If we’re in a position to have influence, we’ve probably earned it in part by demonstrating good professional judgment in the past. We should trust our inner voice—especially when it suggests that something is very wrong.
4. Beware the charismatic CEO. Weinstein suggested that he and the other Fyre employees were duped by McFarland’s authority and charisma:
What [McFarland] was very good at was weaving a story. And from my perspective he was very good at pulling in investor capital, which was something that I had not succeeded at as an entrepreneur. That's a quality that I respected: to be able to weave a narrative, and then to have legitimate people support you in that story that you're telling and help you make it a reality.
The best entrepreneurs are also the best storytellers. The problem with that is that the best con artists are also the best storytellers. And so how do you differentiate between who is a con artist, and who is just the delusional founder that's going to make his version of reality come to life? It's really challenging. Obviously, I wasn't that good at it.
Since Weinstein is in the venture capital world now, I asked how he avoids the same trap:
My favorite founders in meetings now are not the charismatic CEOs weaving an incredible story; they're the founders that elevate the team members around them. I recently met a company and I could tell they had worked together before. The CEO was the clear leader. They deferred to him for the most important questions, but he knew how to bring out the right answers from each and every one of them. So I could see the depth of the roster at that company.
Weinstein added that some basic financial due diligence, which he failed to do, would have revealed that the emperor wore no clothes.
When something seems too good to be true, it probably is. If we’re charmed by a new potential employer, we should study the bench and look at the numbers.
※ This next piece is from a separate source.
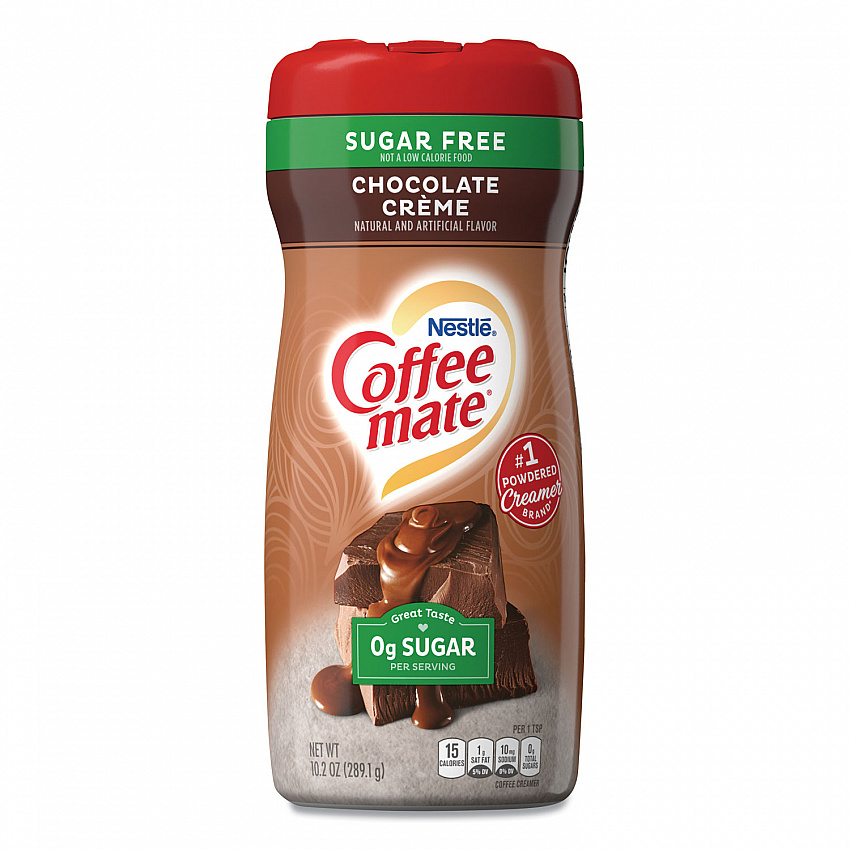 Sugar Free Chocolate Cream Powdered Creamer, 10.2 oz Canister, 6/Carton (59573CT)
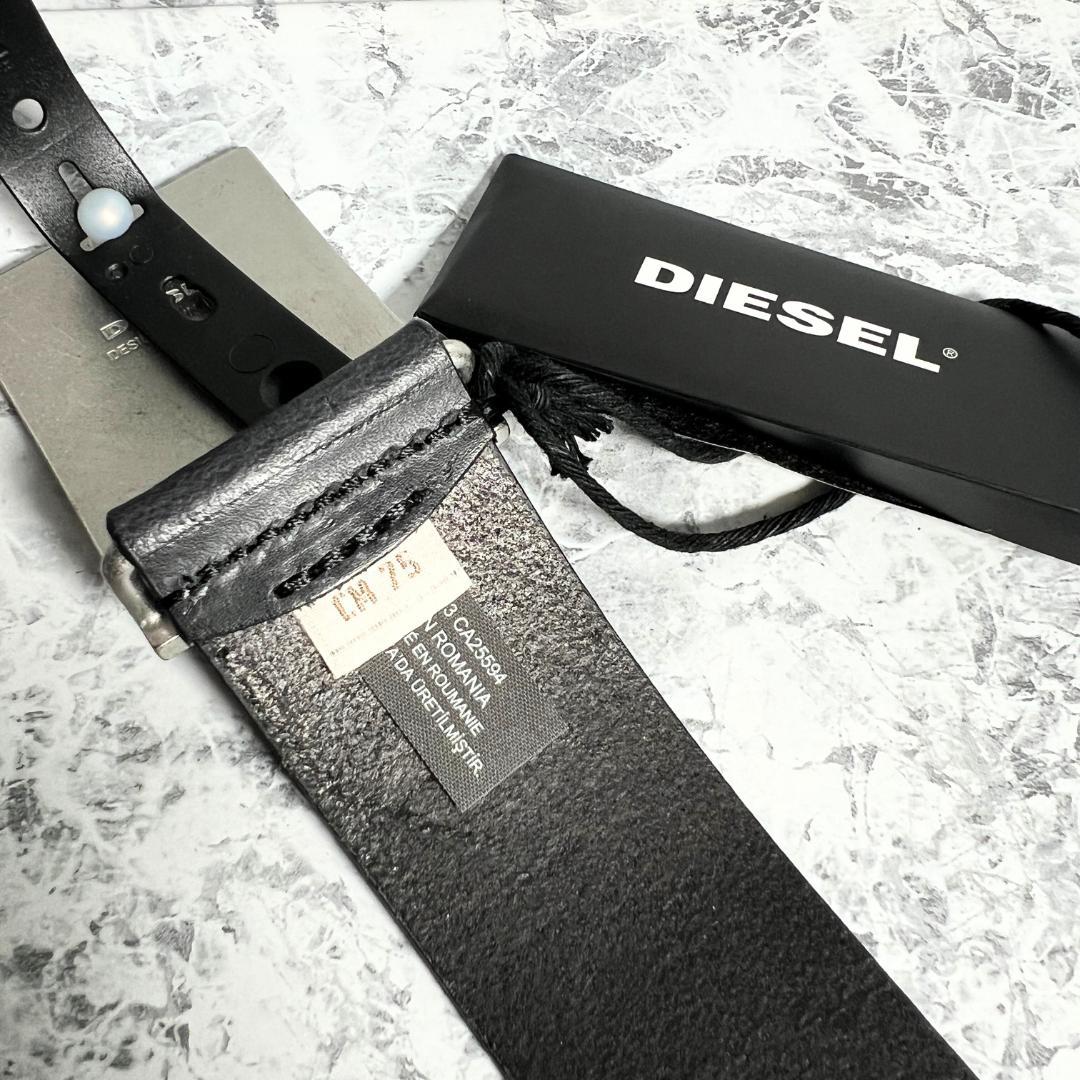 DIESEL ブラックレザーベルト メタルバックル 牛革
5. Social media is commodifying our experiences. In a Medium post a few months after the festival fell apart, Weinstein suggested that social media has undermined the wisdom that we should seek experiences rather than material goods:
On the surface, it sounds great to value experiences over belongings: If we all did what we loved and didn’t measure ourselves by our accumulation of material things, the world would be a better place.
But the way we assign that value has become its own problem—a sort of new consumerism. Rather than living experiences, we consume them: We capture key moments in time to share on social media, and, as such, take each experience as a possession.
We no longer measure one another by what we have, but instead by what we have done lately (or, at least how well we’ve posted about it) — and this is not much better.
Weinstein admitted to me that he still struggles with his own social media use, tempted to post photos of beautiful beaches and the good life: “I still am susceptible.”
We don’t need to start down the well-trodden path of the downfalls of social media here, do we?
Weinstein had to learn these lessons in a painfully public way. With gratitude to him for his candor and reflection, we can avoid these online and offline traps ourselves and help others do the same.